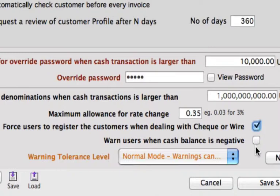Warn users when cash balance is negative. You don't want amounts to be sold of currencies that you don't actually have. So this will give a warning that their cash balance is negative in that certain currency.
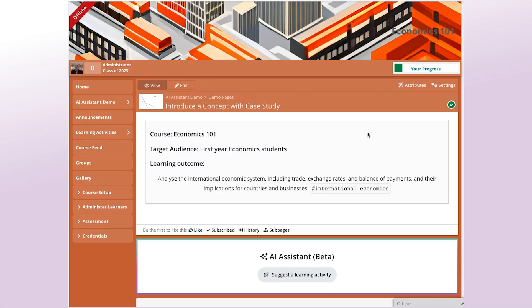For this example, I'm going to look at an activity for an Economics 101 course. I want to introduce a specific concept, the concept of comparative advantage.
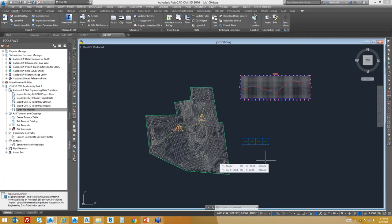Question: What versions of Civil 3D will the data translator work with? Civil 3D 2015, 2016, and 2017.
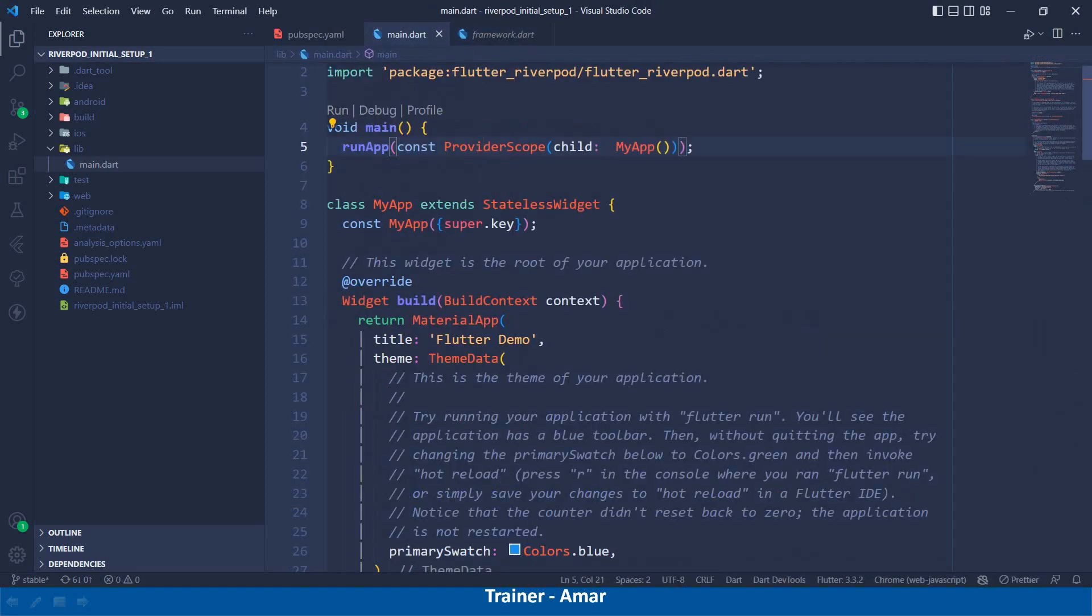Now, after doing this step, in the next video, I will discuss about the first type of RiverPod provider that is Provider.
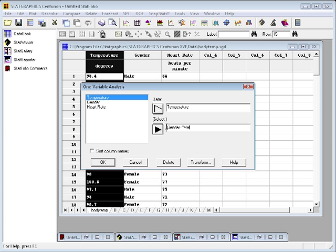When you do this, be careful. Whatever you type within double quotes is case sensitive. Variable names are not, so I don't have to worry about temperature and gender, but whatever you type within the quotes, you have to type it exactly as it appears in the data sheet.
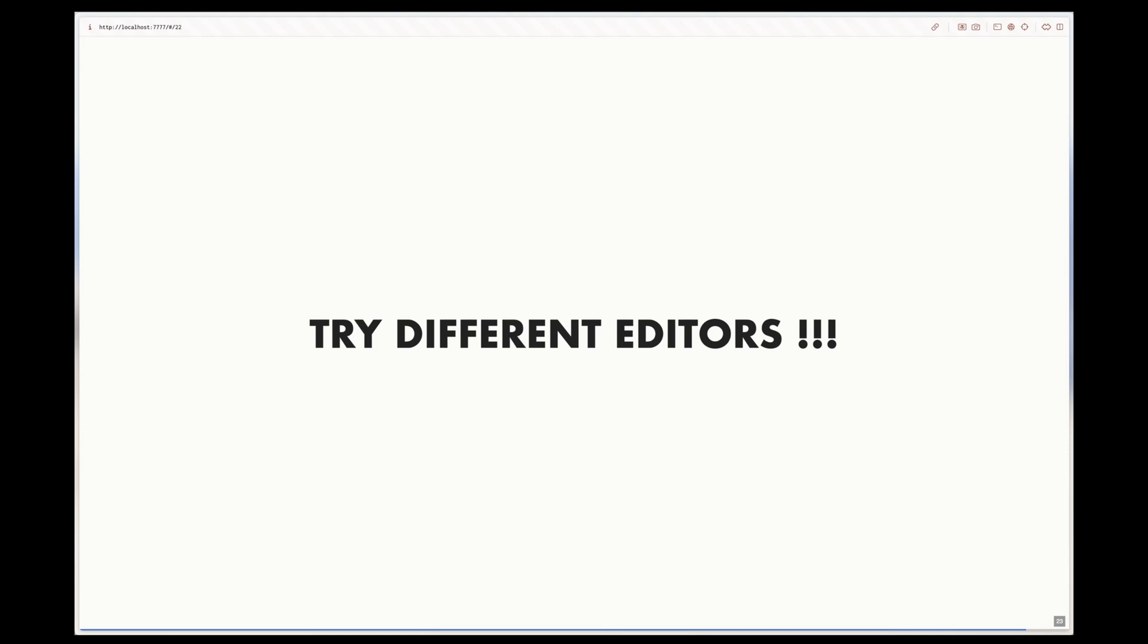I currently primarily use NeoVim, but I could switch to Zed or even back to VSCode or any other IDE, and everything would not change that much about my development experience. I also, of course, use IDEs like IntelliJ or Xcode depending on the project I'm working on.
----------
Each entry is to be given again exactly as it stands, with its pictures removed.

* YOUR RESPONSE
Warn users when cash balance is negative. You don't want amounts to be sold of currencies that you don't actually have. So this will give a warning that their cash balance is negative in that certain currency.
For this example, I'm going to look at an activity for an Economics 101 course. I want to introduce a specific concept, the concept of comparative advantage.
Question: What versions of Civil 3D will the data translator work with? Civil 3D 2015, 2016, and 2017.
Now, after doing this step, in the next video, I will discuss about the first type of RiverPod provider that is Provider.
When you do this, be careful. Whatever you type within double quotes is case sensitive. Variable names are not, so I don't have to worry about temperature and gender, but whatever you type within the quotes, you have to type it exactly as it appears in the data sheet.
I currently primarily use NeoVim, but I could switch to Zed or even back to VSCode or any other IDE, and everything would not change that much about my development experience. I also, of course, use IDEs like IntelliJ or Xcode depending on the project I'm working on.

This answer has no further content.